What made you decide to take on Pennywise?
I am 27 and the things that I read for in auditions tend to be younger guys, and most of them look like me (laughs).
This was something that was a leap, a character that is completely different to who I am and how I speak, how I move, how I look. So that really excited me, that there was so much creativity to be had within that.
Were you worried about living up to Curry's iconic performance?
I try not to look at the Internet at all, but you glimpse something and it is like, 'How the hell did he get the part?' (laughs)
There is so much anger on the Internet, so if I really go into how people will react to my performance, I am not going to be able to do it. I have had some sleepless nights.
I was by myself in this house in Toronto before we started shooting, and I read through the novel and I tried to take my notes, and I really worked hard for this character and embodied him, but I was terrified.
What really helped me get through it was (director) Andy (Muschietti) and his faith in me.
How did you prepare?
This is such an extreme character, so I needed to be fearless in how I approached it, and I could not hold back.
I had to really, really go for it and hope it worked. I did research on clowns and watched a documentary about coulrophobia (the fear of clowns).
There were a few people who were afraid of clowns, but it was not this collective thing. When the book (It) was released, it really changed this perspective to what clowns are.
I think if you ask anyone what they think of clowns, (clowns are) as much fear as they are jolly, funny characters.
What was it like working with the child actors? They did not see you until almost six weeks into the shoot.
The first time I met the kids was at a table read. I was not comfortable with revealing the character yet, he was still in the making. I was like, 'Hi, I am Bill. I am going to play the clown who tries to kill you.' (laughs)
They were all really nice. Then Andy said, 'I think there's an idea to keep you separated from the kids.'
So it was also the loneliest film production I have ever done, because I did not work for a month and a half, and the children all bonded, and Andy and the crew would hang out with the kids on weekends.
I was just by myself trying to wrestle this demonic clown that I was going to portray.
What were your own fears growing up?
I remember when I was six, I would lie in bed and think about the fact that I would die (laughs).
I would have panic attacks at night.
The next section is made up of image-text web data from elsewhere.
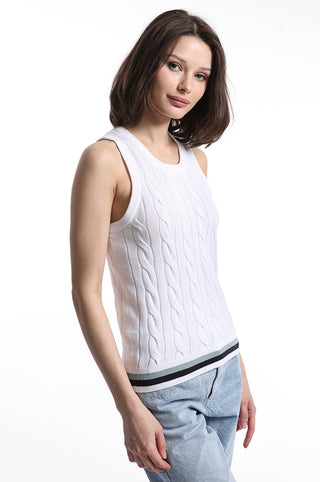 Model wearing white cable knit sweater tank top with blue white and black stripe detail on bottom hem
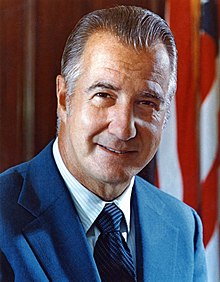 Spiro Agnew in 1972, a middle-aged white American male in suit and tie, standing in front of a furled flag
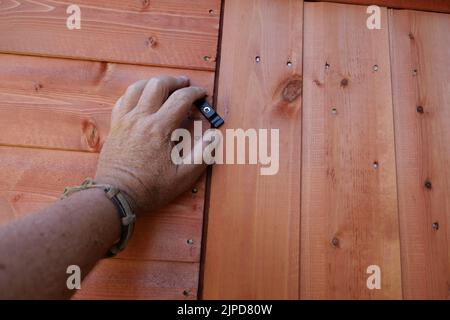 POV hand opening or closing a new wooden shed door Stock Photo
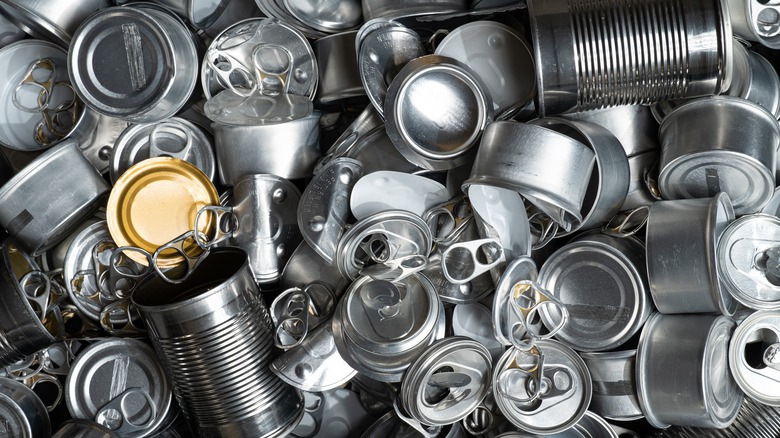 Pile of cans with grooved and straight sides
Then my dad, who was a secular man, would sit down and go, 'Nothing is going to happen to you when you die, but it is okay.' (laughs)
It did calm me down, but I remember a recurring, genuine fear of that concept. I am still not over that fear entirely.
Did being a Skarsgard help your career?
It is a blessing and a curse. Wherever I go, I will always be associated with my family.
When I was younger, that bothered me more. Sweden is a small country and my family is really big there (laughs).
You want to be your own person, be responsible for your own career and not be judged by, 'Oh, do you think he is better looking or do you think he is worse than his brother?'
It overwhelmed me at times. But now, the more I establish myself and get older, I am proud of my family and to be associated with them.
I really hope I can continue to get work and have a career where I am not just someone's brother or son.